Nominated by President Trump for a seat on the 7th Circuit Court of Appeals, University of Notre Dame law professor Amy Coney Barrett was brought before the Senate panel to give a breakdown of her legal philosophy. But what unfolded was a grilling over her Catholic principles.
In the lead-up to the hearings, Barrett was criticized for previously written work, examining the collisions between Catholic principles and established case law. A bloc of left-wing activists, including the Alliance for Justice (AFJ), asserted Barrett "would put her personal beliefs ahead of the law" in cases where the two conflict.
"Stunningly, Barrett has asserted that judges should not follow the law or the Constitution when it conflicts with their personal religious beliefs," the group argued.
Based upon a reading of Barrett's own work, these allegations are legally unsound. She has explicitly stated that "judges cannot — nor should they try to — align our legal system with the Church's moral teaching whenever the two diverge." Barrett maintains judges should recuse themselves in cases where their religious beliefs run counter to their judicial responsibility.
The activist detractors' position has also been soundly refuted by legal analysts. Still, certain members of the Senate Judiciary Committee echo their claims.
Referencing a 1998 law review article, "Catholic Judges in Capital Cases," California Sen. Dianne Feinstein pressed Barrett on the depth of her faith, insinuating that her Catholic principles would compromise her ability to rule fairly.
"When you read your speeches, the conclusion one draws is that the dogma lives loudly within you," Feinstein, the panel's ranking Democrat, quipped. "And that's of concern when you come to big issues that large numbers of people have fought for, for years in this country."
"It is never appropriate for a judge to apply their personal convictions, whether it derives from faith or personal conviction," Barrett answered.
But doubting Democrats were not satisfied; other senators also raised doubt over Barrett's faith.
Senate Minority Whip Dick Durban, a self-described Catholic and one-time pro-life advocate, singled out Barrett's use of the term "orthodox Catholics" as unfair to those who support abortion.
Hawaii Sen. Mazie Hirono echoed Feinstein's concerns. "Ms. Barrett, I think your article is very plain in your perspective about the role of religion for judges and particularly with regard to Catholic judges."

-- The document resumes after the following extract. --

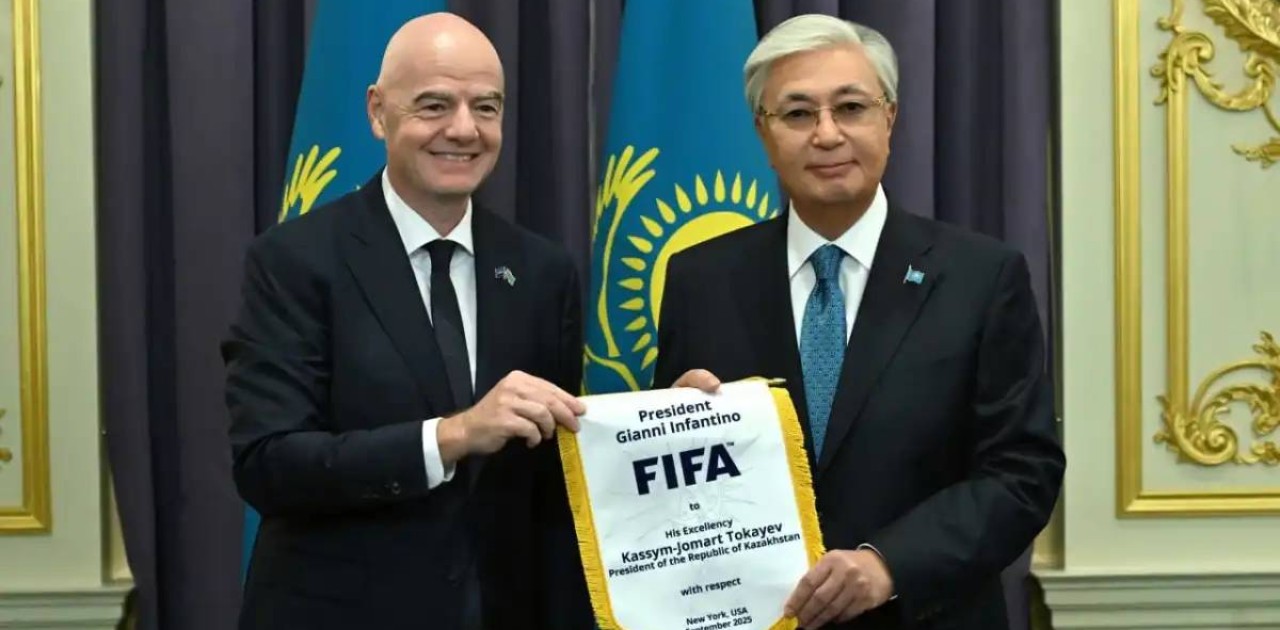 Қасым-Жомарт Тоқаев FIFA президентін қабылдады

Minnesota Sen. Al Franken suggested Barrett was unfit to serve on the 7th Circuit Court of Appeals, based upon the fact that she appeared before a gathering of Christian religious liberty legal group Alliance Defending Freedom (recently branded a "hate group" by the discredited Leftist activist group the Southern Poverty Law Center).
In response to this line of questioning, Nebraska Sen. Ben Sasse referenced the Constitution's religious test clause, which "prohibits the imposition of religious scrutiny against public officials."
"I think some of the questioning that you have been subjected to today seems to miss some of these fundamental constitutional protections we all have," Sasse observed.